Certi rapporti che persistevano o continuavano a riproporsi ancora in età ottoniana non poterono più funzionare, e quindi esistere nei termini originari, nel sec. XI per l'avanzato processo di disgregazione dell'assetto statale e la progressiva dispersione dei diritti regi nelle mani di feudatari, conti, vescovi, visconti. La sparizione di una struttura amministrativa comportò di pari passo una disgregazione di quelle realtà associative funzionali a un rapporto con essa. Il processo dovette essere meno accentuato nel caso di professioni indispensabili alla vita urbana (annona, trasporti), neppure citate tra i mestieri pavesi fruitori di regalie, ma guardate sempre con interesse dai poteri cittadini. Lo dimostra indirettamente la più tarda documentazione di età comunale: a Bologna tali professioni si trovarono soggette a una magistratura che affondava le proprie radici nel passato longobardo, mentre a Piacenza, Verona e Pisa rimasero a lungo tradizionalmente soggette a poteri in via di superamento, che rimandavano comunque all'esercizio di un'autorità pubblica. Per i rimanenti mestieri questo momento di trapasso dovette costituire una fase di accentuato sperimentalismo; accanto a consolidate tradizioni si assisteva a un nuovo generale orientamento delle forze vive della società verso una pluralità di punti di riferimento, solo più avanti e con tempi diversi destinati a convergere entro le maglie delle istituzioni comunali. Fabbri, calzolai, lavoranti del settore tessile, cresciuti di importanza per il vivace sviluppo demografico ed economico urbano, sentirono il bisogno di organizzarsi autonomamente per difendere i propri interessi, ponendosi tutt'al più sotto la tutela morale del vescovo, da cui lentamente si andarono poi affrancando, e assumendo l'identità della confraternita religiosa [28].

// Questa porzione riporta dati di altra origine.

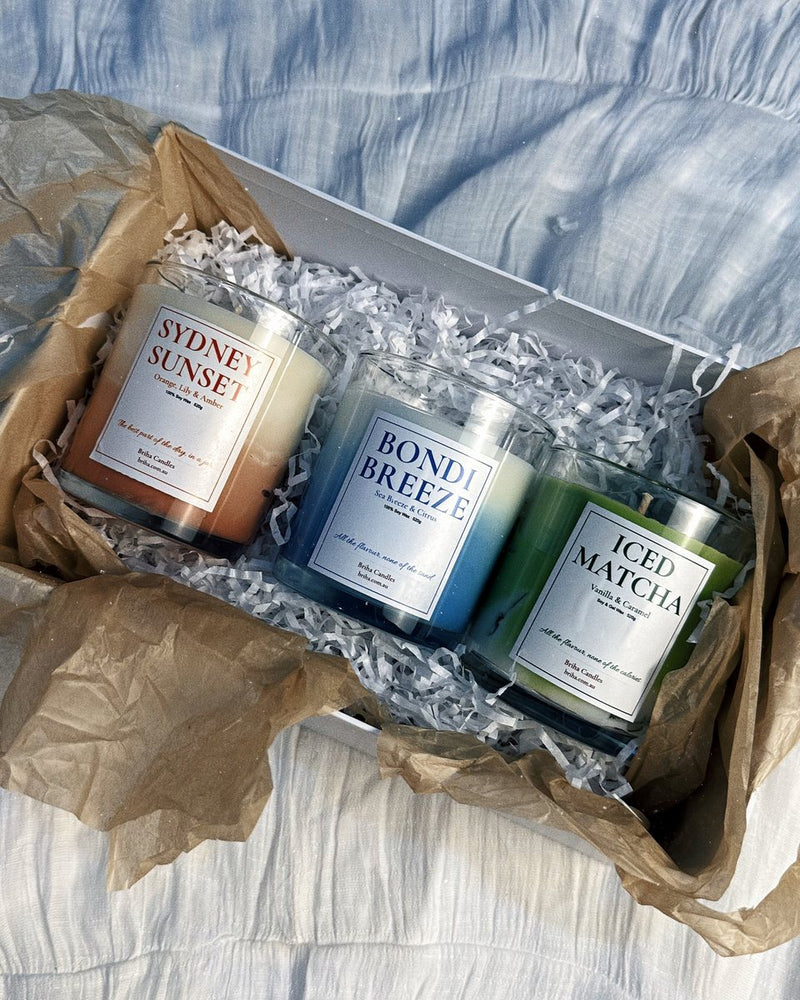 Three Briha candles in a gift box: Sydney Sunset, Bondi Breeze and Iced Matcha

Le professioni legate ai bisogni annonari e ai trasporti, da sempre soggette all'autorità pubblica, non ebbero più la possibilità di organizzarsi in associazioni libere al pari degli altri mestieri. Anche i comuni le controllarono saldamente, con metodi opposti però a quelli messi in atto dallo Stato tardoantico: non si poteva consentire a chi esercitasse attività indispensabili alla sopravvivenza della collettività la pratica di un associazionismo che, sviluppatosi in assenza di un preciso apparato statale, era sinonimo di autonomia dai pubblici poteri, di solidarietà di classe, di capacità di gestire separatamente settori particolari dell'economia urbana. Per i mercanti infine le cose dovettero presentarsi in modo ancora diverso. Le loro associazioni nacquero infatti a imitazione del Comune e in piena sintonia con esso, tanto da acquisire subito funzioni di grande rilevanza non solo all'interno della vita economica della città, ma anche della sua organizzazione amministrativa (per es. Genova, Milano, Rouen, Bruges). Le associazioni artigiane e mercantili, che risposero a ben precise esigenze economiche, vennero chiamate con diversi nomi a seconda della zona: paratici, fraglie, arti, mestieri, università, società, collegi. Fondamentalmente il sistema corporativo risultò funzionale a realtà urbane di medie e piccole dimensioni, non certo a quelle dei grandi centri, che lo sviluppo di itinerari commerciali e di mezzi di trasporto proiettò in una dimensione internazionale; si trattava di realtà economiche caratterizzate dalle necessità interne della città e del territorio dipendente. In questo spazio ristretto le associazioni di mestiere riuscirono in qualche modo a regolamentare la produzione, sotto il profilo sia della qualità sia della quantità, e lo fecero redigendo minuziosi statuti che fissavano i prezzi, regolamentavano la concorrenza tra botteghe, imponevano sistemi di lavorazione, regolavano entità e retribuzioni della mano d'opera in un periodo di notevoli fluttuazioni demografiche. Tali norme potevano essere imposte grazie all'esercizio del potere giurisdizionale che le c. avevano su soci, i cui nomi erano registrati nelle matricole, e anche su clienti e acquirenti. Mutamenti economici e politici però influirono lentamente su queste realtà modificandole e consentendone la sopravvivenza [29].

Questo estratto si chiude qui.